## RECORDS SHOWN
=== Section Start ===
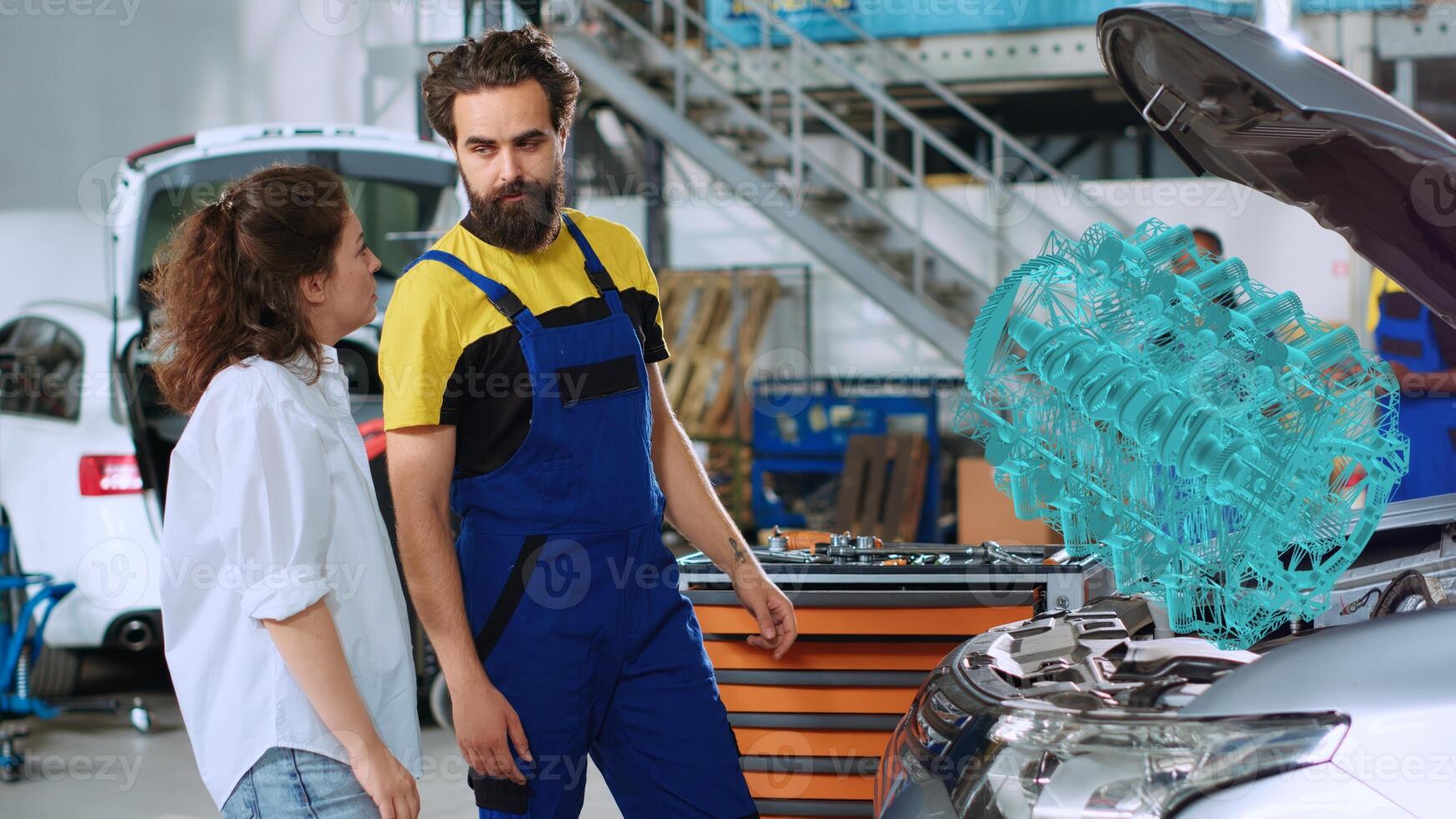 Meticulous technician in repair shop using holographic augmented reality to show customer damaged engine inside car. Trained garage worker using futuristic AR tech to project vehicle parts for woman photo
=== Section End ===
=== Section Start ===
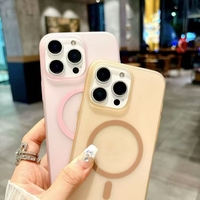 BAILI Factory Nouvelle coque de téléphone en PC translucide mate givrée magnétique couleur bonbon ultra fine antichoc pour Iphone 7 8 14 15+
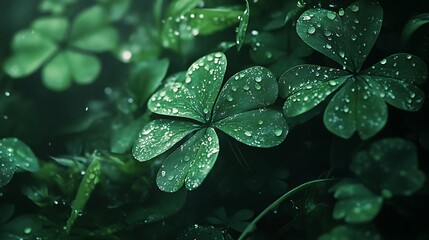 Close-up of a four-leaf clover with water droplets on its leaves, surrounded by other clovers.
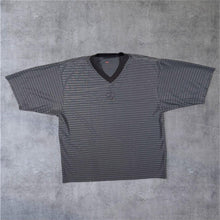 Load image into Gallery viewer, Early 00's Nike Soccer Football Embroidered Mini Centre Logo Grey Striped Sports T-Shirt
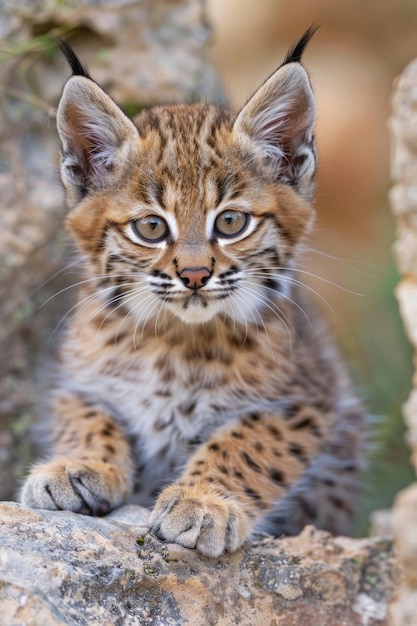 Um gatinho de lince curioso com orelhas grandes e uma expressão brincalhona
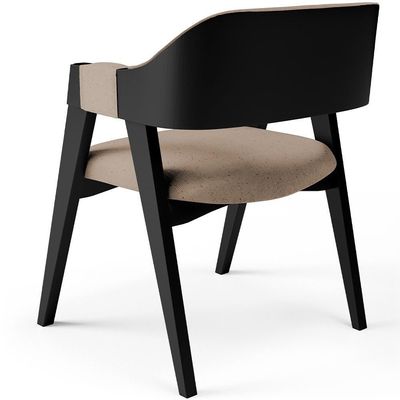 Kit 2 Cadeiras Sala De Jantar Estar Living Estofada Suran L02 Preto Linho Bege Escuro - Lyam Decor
=== Section End ===
=== Section Start ===
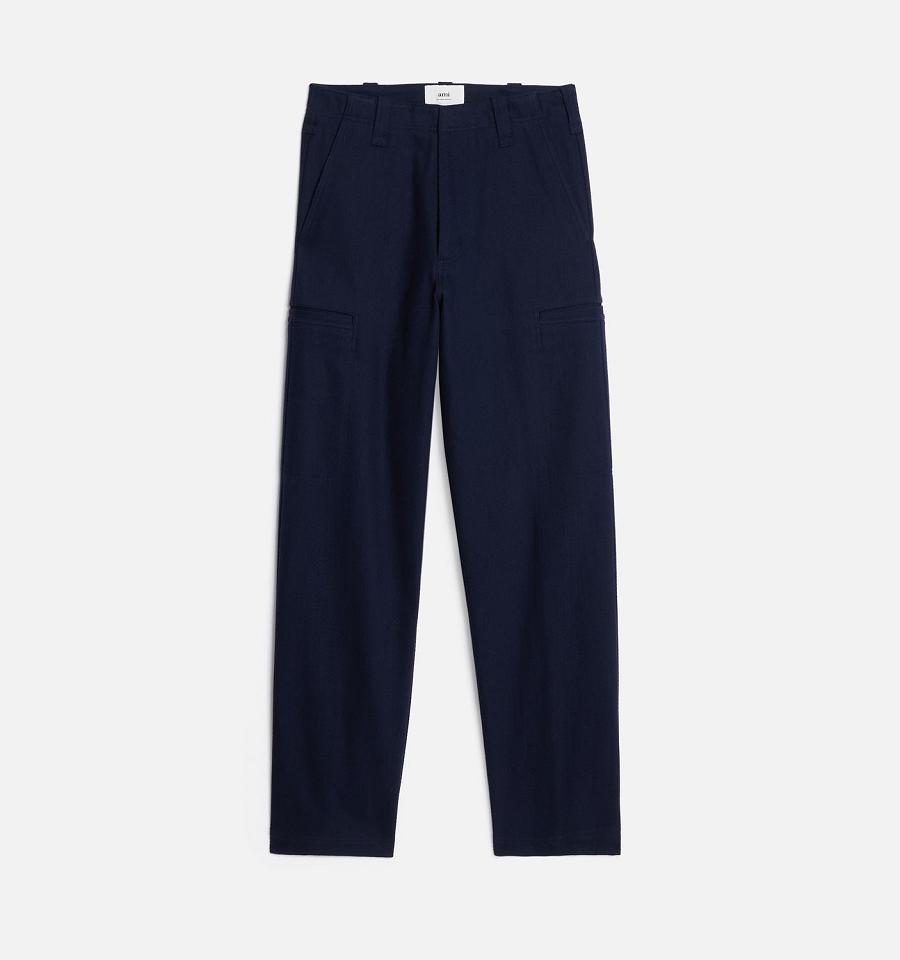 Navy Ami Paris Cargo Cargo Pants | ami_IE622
=== Section End ===
Where a picture appears in the records above, omit it, and transcribe exactly the stretch of lines from the one with "Close-up of a" through the one with "Kit 2 Cadeiras".

 Close-up of a four-leaf clover with water droplets on its leaves, surrounded by other clovers.
 Load image into Gallery viewer, Early 00's Nike Soccer Football Embroidered Mini Centre Logo Grey Striped Sports T-Shirt
 Um gatinho de lince curioso com orelhas grandes e uma expressão brincalhona
 Kit 2 Cadeiras Sala De Jantar Estar Living Estofada Suran L02 Preto Linho Bege Escuro - Lyam Decor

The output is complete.